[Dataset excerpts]
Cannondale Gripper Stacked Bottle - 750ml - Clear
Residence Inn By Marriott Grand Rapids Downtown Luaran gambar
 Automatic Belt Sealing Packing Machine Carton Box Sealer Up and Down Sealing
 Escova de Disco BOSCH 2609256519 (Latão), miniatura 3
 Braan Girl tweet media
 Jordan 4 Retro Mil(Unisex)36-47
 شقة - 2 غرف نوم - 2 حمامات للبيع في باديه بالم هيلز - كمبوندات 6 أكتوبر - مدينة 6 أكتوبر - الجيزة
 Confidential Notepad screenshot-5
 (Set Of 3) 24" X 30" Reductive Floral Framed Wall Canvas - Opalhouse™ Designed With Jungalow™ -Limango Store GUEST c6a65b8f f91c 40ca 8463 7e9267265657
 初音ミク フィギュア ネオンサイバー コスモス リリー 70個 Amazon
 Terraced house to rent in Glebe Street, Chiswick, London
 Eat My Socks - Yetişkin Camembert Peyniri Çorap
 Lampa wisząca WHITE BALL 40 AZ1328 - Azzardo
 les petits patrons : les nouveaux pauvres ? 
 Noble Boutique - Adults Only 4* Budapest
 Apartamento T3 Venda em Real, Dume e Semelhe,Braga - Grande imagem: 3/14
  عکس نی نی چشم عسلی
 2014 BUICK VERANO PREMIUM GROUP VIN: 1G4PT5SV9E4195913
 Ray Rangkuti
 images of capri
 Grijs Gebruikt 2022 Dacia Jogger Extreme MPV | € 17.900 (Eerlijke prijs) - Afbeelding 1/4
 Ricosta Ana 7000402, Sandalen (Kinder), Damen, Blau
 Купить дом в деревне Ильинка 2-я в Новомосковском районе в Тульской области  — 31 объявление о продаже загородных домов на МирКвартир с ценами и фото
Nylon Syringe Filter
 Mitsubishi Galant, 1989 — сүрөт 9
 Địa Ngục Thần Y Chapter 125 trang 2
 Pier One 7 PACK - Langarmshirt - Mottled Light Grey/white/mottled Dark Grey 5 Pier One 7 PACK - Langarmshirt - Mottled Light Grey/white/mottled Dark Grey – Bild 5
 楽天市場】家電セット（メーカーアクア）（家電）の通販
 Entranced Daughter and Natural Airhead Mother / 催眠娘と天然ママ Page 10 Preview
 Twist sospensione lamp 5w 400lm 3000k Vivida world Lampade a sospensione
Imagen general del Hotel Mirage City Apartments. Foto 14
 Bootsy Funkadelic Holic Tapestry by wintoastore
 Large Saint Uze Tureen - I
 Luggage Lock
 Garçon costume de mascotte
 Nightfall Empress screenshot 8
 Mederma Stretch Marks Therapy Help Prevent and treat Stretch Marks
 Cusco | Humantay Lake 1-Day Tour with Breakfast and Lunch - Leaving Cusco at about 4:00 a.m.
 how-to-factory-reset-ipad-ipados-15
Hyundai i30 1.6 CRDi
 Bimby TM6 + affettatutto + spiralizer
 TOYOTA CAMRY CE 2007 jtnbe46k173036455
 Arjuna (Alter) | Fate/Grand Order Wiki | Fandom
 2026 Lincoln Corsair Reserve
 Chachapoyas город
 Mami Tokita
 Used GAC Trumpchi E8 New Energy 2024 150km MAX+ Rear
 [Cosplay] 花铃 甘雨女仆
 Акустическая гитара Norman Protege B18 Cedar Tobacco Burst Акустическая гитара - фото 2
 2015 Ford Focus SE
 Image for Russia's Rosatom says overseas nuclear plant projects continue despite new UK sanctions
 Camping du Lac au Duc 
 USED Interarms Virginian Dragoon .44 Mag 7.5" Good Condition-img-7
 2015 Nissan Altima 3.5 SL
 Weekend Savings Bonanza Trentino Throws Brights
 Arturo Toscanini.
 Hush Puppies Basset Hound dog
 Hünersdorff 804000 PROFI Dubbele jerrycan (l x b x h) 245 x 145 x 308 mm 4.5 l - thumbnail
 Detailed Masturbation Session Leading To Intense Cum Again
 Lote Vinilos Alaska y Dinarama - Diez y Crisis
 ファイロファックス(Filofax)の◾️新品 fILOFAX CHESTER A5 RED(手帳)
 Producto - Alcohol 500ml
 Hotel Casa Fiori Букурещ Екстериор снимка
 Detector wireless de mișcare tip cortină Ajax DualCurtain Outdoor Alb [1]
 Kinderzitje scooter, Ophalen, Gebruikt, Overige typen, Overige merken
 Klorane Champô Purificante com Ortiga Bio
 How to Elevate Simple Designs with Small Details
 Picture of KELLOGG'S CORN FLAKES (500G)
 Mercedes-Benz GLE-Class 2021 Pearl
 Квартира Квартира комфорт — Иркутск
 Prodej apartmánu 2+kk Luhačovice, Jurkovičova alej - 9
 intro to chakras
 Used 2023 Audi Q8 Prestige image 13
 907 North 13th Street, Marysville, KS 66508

§ YOUR INSTRUCTIONS
Wherever the line holding "Image for Russia's" falls in the entries above, copy exactly from it through the line holding "Detailed Masturbation Session", inclusive, and add nothing.

§ EXERCISE OUTPUT
 Image for Russia's Rosatom says overseas nuclear plant projects continue despite new UK sanctions
 Camping du Lac au Duc 
 USED Interarms Virginian Dragoon .44 Mag 7.5" Good Condition-img-7
 2015 Nissan Altima 3.5 SL
 Weekend Savings Bonanza Trentino Throws Brights
 Arturo Toscanini.
 Hush Puppies Basset Hound dog
 Hünersdorff 804000 PROFI Dubbele jerrycan (l x b x h) 245 x 145 x 308 mm 4.5 l - thumbnail
 Detailed Masturbation Session Leading To Intense Cum Again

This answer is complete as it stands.